In-place transformation

Generators for languages employed in a model are applied sequentially (aka Generation Plan). Effectively, each generation step modifies just a fraction of original model, and the rest of the model is copied as-is. With huge models and numerous generation steps this approach proves to be quite ineffective. In-place transformation tries to address this with a well-known 'delta' approach, where changes only are collected and applied to original model to alter it in-place.

In version 3.1 in-place transformation is left as an option, enabled by default and configurable through the Project settings -> Generator. Clients are encouraged to fix their templates that fail in the in-place mode, as in-place generation is likely to become the only generation mode later down the road.

Use of in-place transformation brings certain limitations or might even break patterns that used to work in the previous MPS versions:

  • Most notable and important - there's no output model at the moment when rule's queries/conditions are executed. To consult the output model during the transformation process is a bad practice, and in-place transformation enforces removing it. Access to the output model from a transformation rule implies certain order of execution, thus effectively limiting the set of optimizations applicable by the MPS generator. The contract of a transformation rule, with a complete input and a fraction of the output that this particular rule is responsible for, is more rigorous than "a complete input model" and "an output model in some uncertain state".
  • The output model is indeed there for weaving rules, as their purpose is to deal with output nodes.
  • The process of delta building requires the generator to know about the nodes being added to the model. Thus, any implicit changes in the output model that used to work would fail with in-place generation enabled. As an example, consider MAP-SRC with a post-process function, which replaces the node with a new one:postprocess: if (node.someCondition()) node.replace with new(AnotherNode);. Generator records a new node produced by MAP-SRC, schedules it for addition, and delays post-processing. Once post-processing is over, there's no way for the generator to figure out the node it tracks as 'addition to output model' is no longer valid and there's another node which should be used instead. Of course, the post-process can safely alter anything below the node produced by MAP-SRC, but an attempt to go out from the sandbox of the node would lead to an error.
  • Presence of active weaving rules prevents in-place transformation as these rule require both input and output models.

Generation trace

Much like in-place transformation, the updated generation trace is inspired by the idea to track actual changes only. Now it's much less demanding, as only the transformed nodes are being tracked. Besides, various presentation options are available to give different perspective on the transformation process.

Mapping Priorities

Mapping priorities are a set of mapping priority rules specifying an order of priority between sets of generator rules (mapping configurations).

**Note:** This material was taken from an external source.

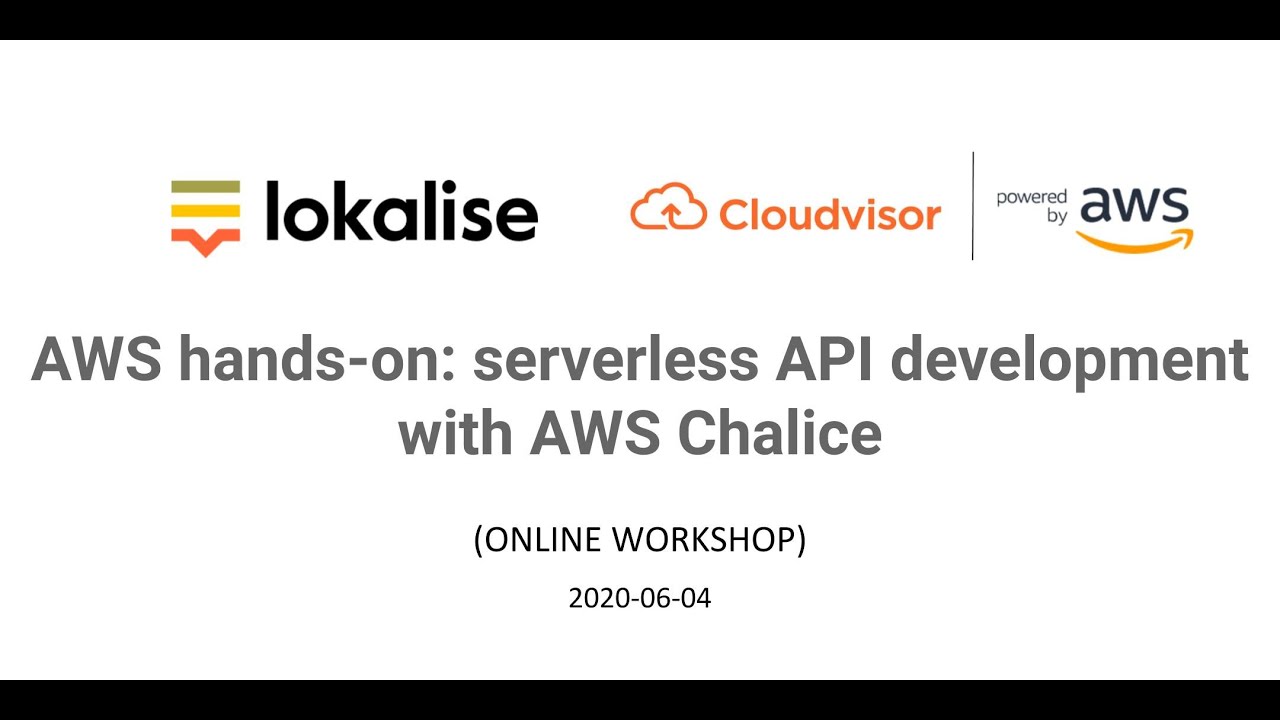 AWS hands-on: serverless API development with AWS Chalice (online workshop)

Mapping priorities are specified in generator module property dialog.
See also: Generator Properties, Generation Process: Defining the Order of Priorities, Demo 6: Dividing Generation Process into Steps

Each mapping priority rule consists of left part, right part and priority symbol in the middle.
For instance:

Left part of priority rule can only refer to mapping configurations in this generator.


Refers to


All mappings in this generator

modelName . *

All mappings in model

modelName . mappingName

Mapping configuration

{ ... }

Set of mappings.
An entry can be either
modelName . * or
modelName . mappingName

Right part of priority rule can refer to mapping configurations in this generator as well as other generators visible in scope (see Generator Properties: dependency on other generators).


Refers to


All mappings in this generator

modelName . *

All mappings in model

modelName . mappingName

Mapping configuration

{ ... }

Set of mappings.
An entry can be either
modelName . * or
modelName . mappingName

[languageName / generatorName : * ]

All mapping in external generator

[languageName / generatorName : modelName]

All mapping in external generator model

[languageName / generatorName : modelName . mappingName]

External mapping configuration

[languageName / generatorName : { ... }]

All mapping in external generator


All possible mappings

Priority symbol




Mappings in left part are processed before mappings in right part


Mappings in left part are processed not later than mappings in right part


Mappings in left part and right part are processed together

Generation plan

Generation plans allow developers to specify the desired order of generation for their models explicitly and thus gain better control over the generation process.


Specifying mutual generator priorities may become cumbersome for larger projects. Additionally, in order to specify the priorities the involved languages need to know about one another by declaring appropriate mutual dependencies, which breaks their (sometimes desired) independence. Generation plans put the responsibility of proper ordering of generation steps into a single place - the generation plan. They allow language designers to provide intuitive means for end-user models to be processed in a desired order. Generation plans list all the languages that should be included in the generation process, order them appropriately and optionally specify checkpoints, at which the generator shall preserve the current transient models. These models can then be used for automatic cross-model reference resolution further down the generation process.



The mechanism described here is a preliminary implementation that is likely to be further evolved in the following MPS versions. The general direction is:

  • to give more flexibility to the language designers in how they organize builds for users of their languages
  • to relieve the end-developers (aka language users) from the need to handle directly build plans, genplan models or build facets

So the actual end-user mechanism is likely to become more dependent on the language designer's intentions. The approach described here, based on facet and a genplan model, is a mere sample of how to accomplish custom generation.

Defining a generation plan

In order to create a generation plan, you first need to create a model. You may consider giving the model a genplan stereotype to easily distinguish it from ordinary models, but this is not mandatory.

After importing the jetbrains.mps.lang.generator.plan and jetbrains.mps.lang.smodel languages, you can create root node of the Plan concept, which will represent your generation plan:

The generation plan consists of transforms and checkpoints.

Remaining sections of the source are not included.